Home Operation and Maintenance Safety Well Source: Operational and Maintenance Geometry

Well Source: Operational and Maintenance Geometry

Jun 09, 2023 pm 04:50 PM
Operation and maintenance

Editor's note: Boss Jing was the boss of my team when I joined Baidu in 2011. He is a hard-core veteran. It was not easy to seize this opportunity. He asked all the common questions in the industry for the benefit of readers.
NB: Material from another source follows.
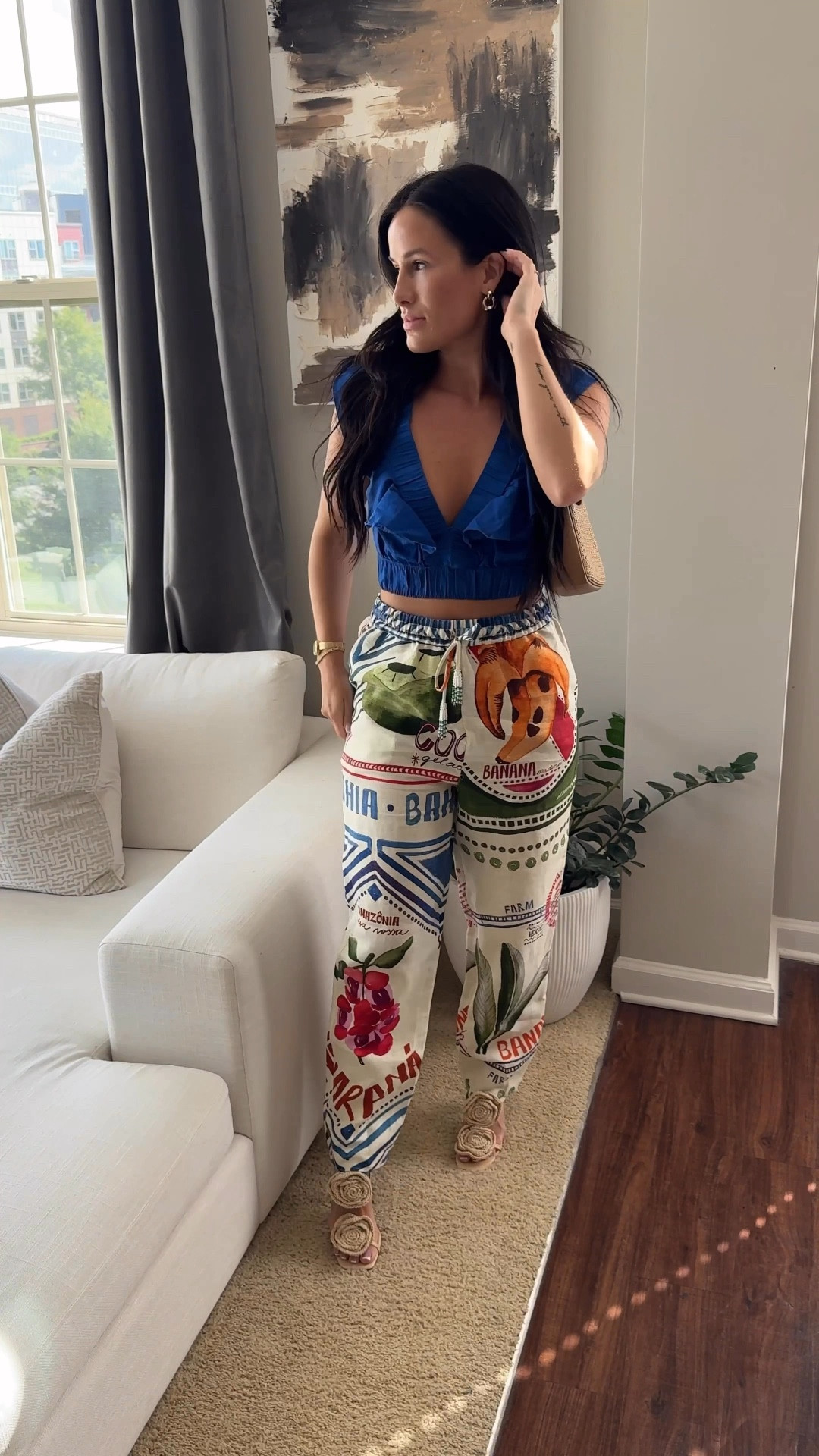 Previous post in action 

#LTKVideo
Boss Jing has a free and easy nature, and his jokes and curses are all written down, and his principles are easy to understand. Here is the first issue of the down-to-earth and high-level "Operation and Maintenance Forum", let's start!

Guest introduction

Well Source: Operational and Maintenance Geometry

Jingyuan, first from left, former Baidu operation and maintenance architect, former Xiaomi Person in charge of operation and maintenance, former Meicai CIO

Some operation and maintenance personnel reported that the company knew very little about the value of operation and maintenance. How did you clearly explain the value of operation and maintenance to the company back then?

First of all, you need to explain clearly to the company the job responsibilities of operation and maintenance (what operation and maintenance does, what it produces) and key indicators (measuring output results), such as working around stability, safety, efficiency, etc. Expand, what operation and maintenance projects have been carried out, and how to proactively promote the achievement of key indicators.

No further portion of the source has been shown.